» Instructions to follow
Please return each entry exactly as it appears, but not the pictures.

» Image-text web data
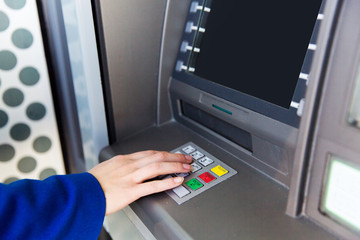 close up of hand entering pin code at cash machine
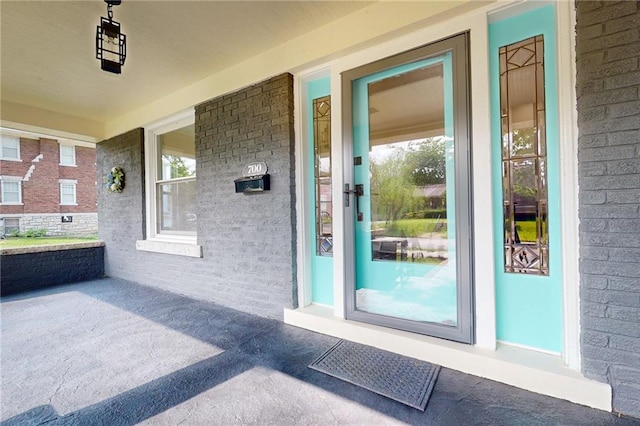 property entrance featuring covered porch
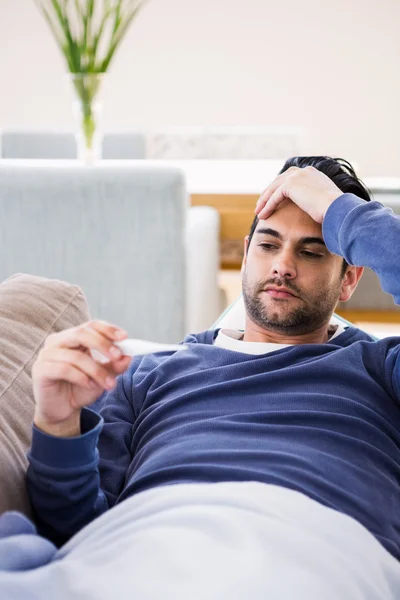 Kranker Mann überprüft seine Temperatur — Stockfoto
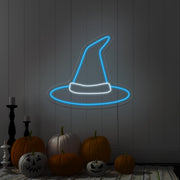 ice blue witch hat neon sign hanging on wall above pumpkins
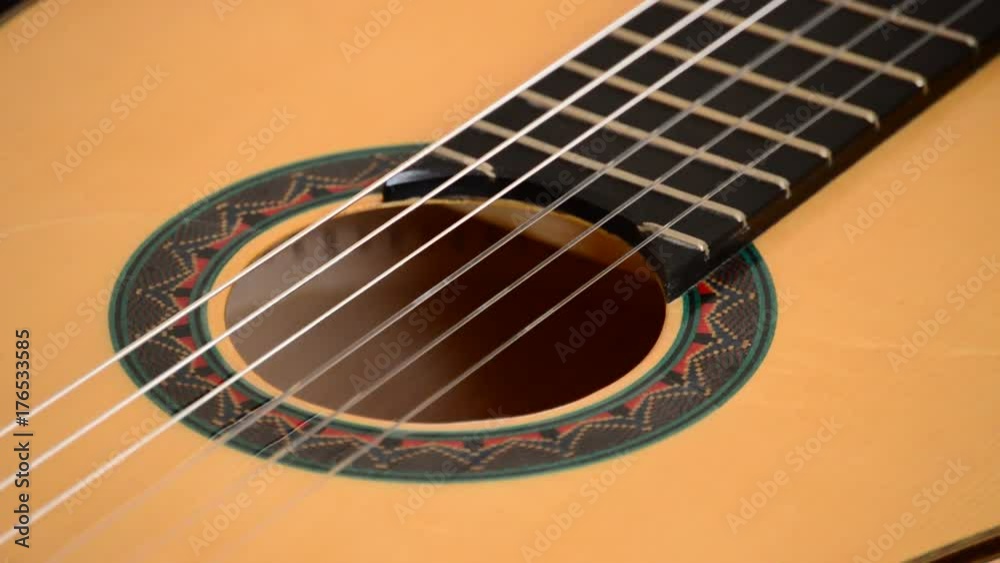 Detail of mouth, strings, frets, body and bridge of spanish classic guitar with red mouth rotating at black background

» Exercise solution
 close up of hand entering pin code at cash machine
 property entrance featuring covered porch
 Kranker Mann überprüft seine Temperatur — Stockfoto
 ice blue witch hat neon sign hanging on wall above pumpkins
 Detail of mouth, strings, frets, body and bridge of spanish classic guitar with red mouth rotating at black background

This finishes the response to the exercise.